[D3D12] PSO Libraries

Started by
9 comments, last by galop1n 7 years, 6 months ago

In this video there is a new D3D12 feature called PSO libraries mentioned. Has this feature been released yet? Is there documentation for it?

-potential energy is easily made kinetic-

Advertisement

ID3D12Device1::CreatePipelineLibrary

Thanks... also is there a high level overview of them?

-potential energy is easily made kinetic-

Quick question: Do PSO libraries have an effect on the speed of changing PSO's? For example if you have a PSO library with similar PSO's varying only by blend state does it get treated like DX11 where the driver patches different code onto the end of the pixel shader?

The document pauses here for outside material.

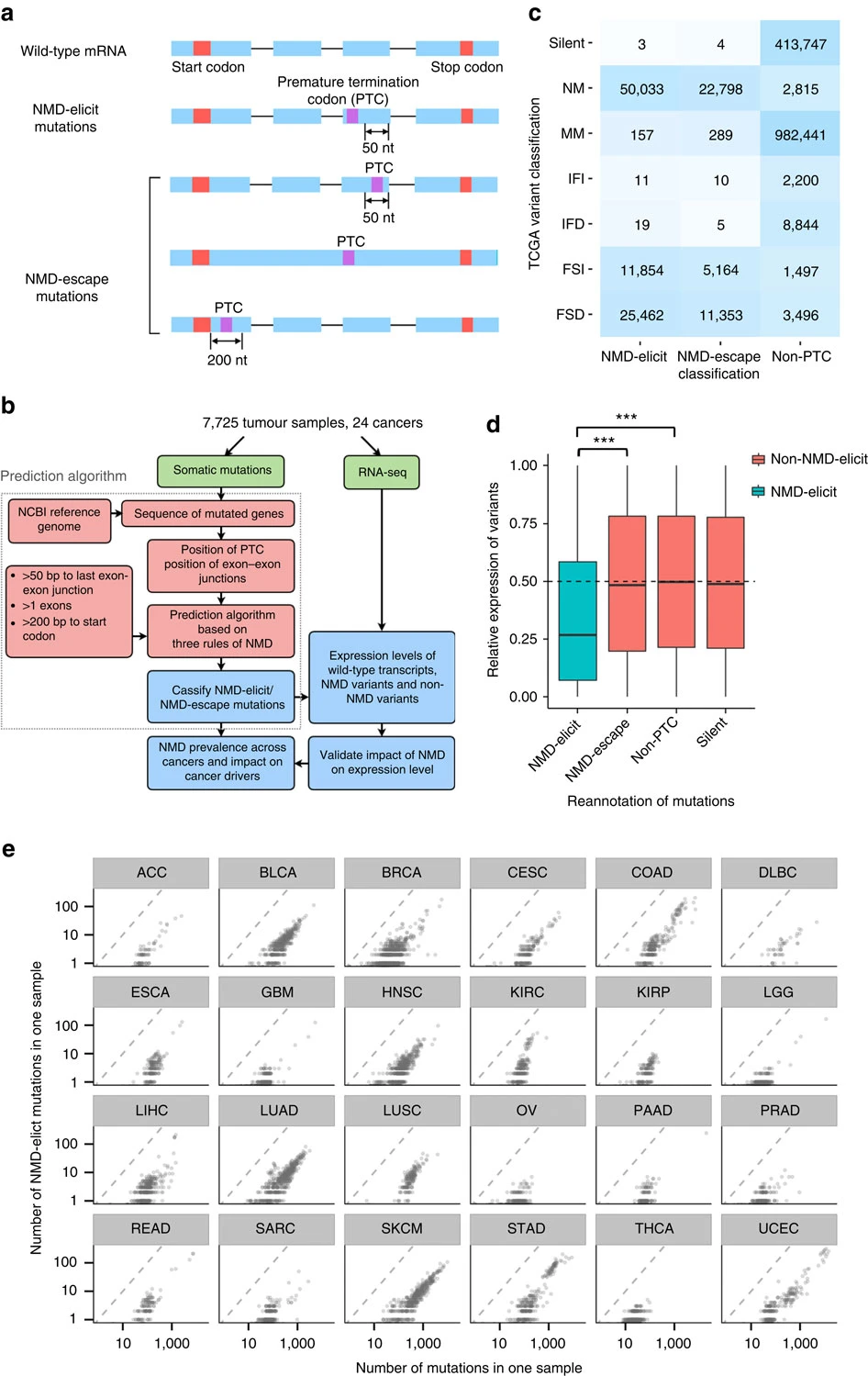 A pan-cancer genome-wide analysis reveals tumour dependencies by induction of nonsense-mediated decay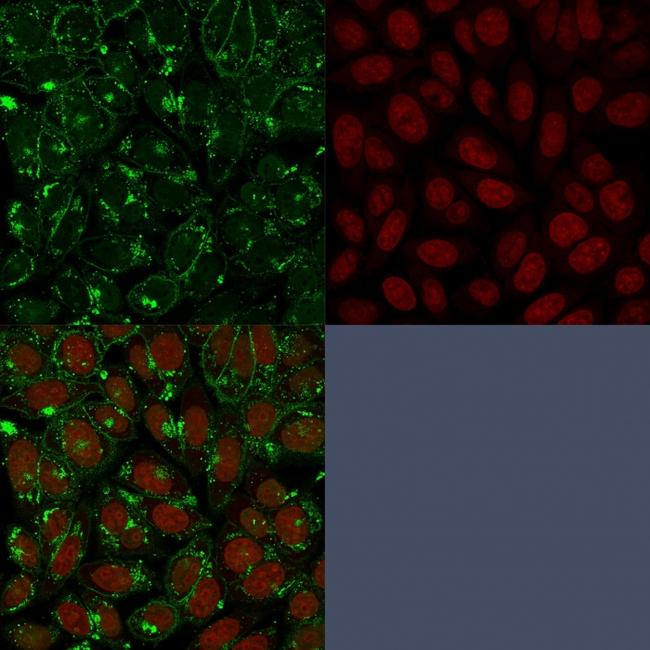 CD55/Decay Accelerating Factor (DAF) Antibody in Immunocytochemistry (ICC/IF)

This versus monolithic PSO's that is?

-potential energy is easily made kinetic-

The answer is no, the PSO Library is only an attempt to save memory and storage from redundant parts ( as it can now account for hundreds of megabytes without that), they have no incidence on individual pso shaders.

The answer is no, the PSO Library is only an attempt to save memory and storage from redundant parts ( as it can now account for hundreds of megabytes without that), they have no incidence on individual pso shaders.

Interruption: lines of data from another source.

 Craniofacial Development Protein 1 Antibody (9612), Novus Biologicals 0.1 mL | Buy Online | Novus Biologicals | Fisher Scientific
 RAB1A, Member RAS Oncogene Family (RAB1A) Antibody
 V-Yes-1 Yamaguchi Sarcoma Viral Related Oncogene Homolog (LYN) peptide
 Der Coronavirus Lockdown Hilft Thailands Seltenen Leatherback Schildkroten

Are you sure about that? How does it accomplish saving memory by reusing common parts which means pipelines might not be as monolithic as before. Driver patching would explain the savings at least partially.

-potential energy is easily made kinetic-

So the reality is that pipelines aren't actually monolithic - but they also can't be chunked in a way that's common across the various architectures. Any attempt to parameterize the pipeline (like how D3D11 did) results in overhead, because the mismatch from API to hardware needs to be resolved dynamically.

So, we've bundled everything together to give the driver the opportunity to see everything they need upfront, but they still compile into separate pieces that are applied individually.

If you use the original serialization APIs, you end up with tons of duplicate data, because multiple pipelines may have common pieces between them, but when you serialize each of them, they have to include it in the serialization. Using a library allows the driver to only write one copy of each piece that gets de-duplicated as more pipelines are added to the library.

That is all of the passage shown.